Assignment:
Repeat exactly the lines below that lie between the line with "Hi everyone, this" and the line with "If you cannot", counting both of those lines as part of the answer.

Data extract:
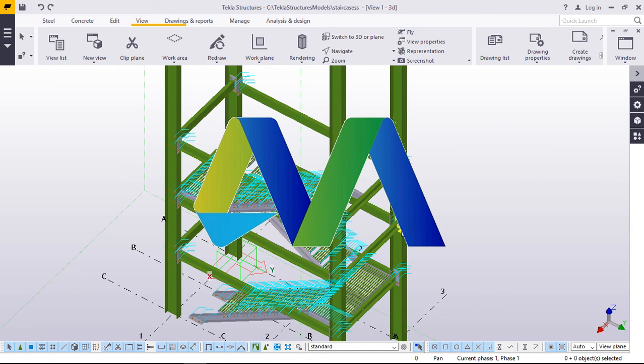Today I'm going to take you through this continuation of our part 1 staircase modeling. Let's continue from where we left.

--

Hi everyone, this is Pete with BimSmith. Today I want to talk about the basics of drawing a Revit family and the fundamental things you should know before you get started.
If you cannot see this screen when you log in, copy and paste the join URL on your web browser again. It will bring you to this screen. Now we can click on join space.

Result for this exercise:
Hi everyone, this is Pete with BimSmith. Today I want to talk about the basics of drawing a Revit family and the fundamental things you should know before you get started.
If you cannot see this screen when you log in, copy and paste the join URL on your web browser again. It will bring you to this screen. Now we can click on join space.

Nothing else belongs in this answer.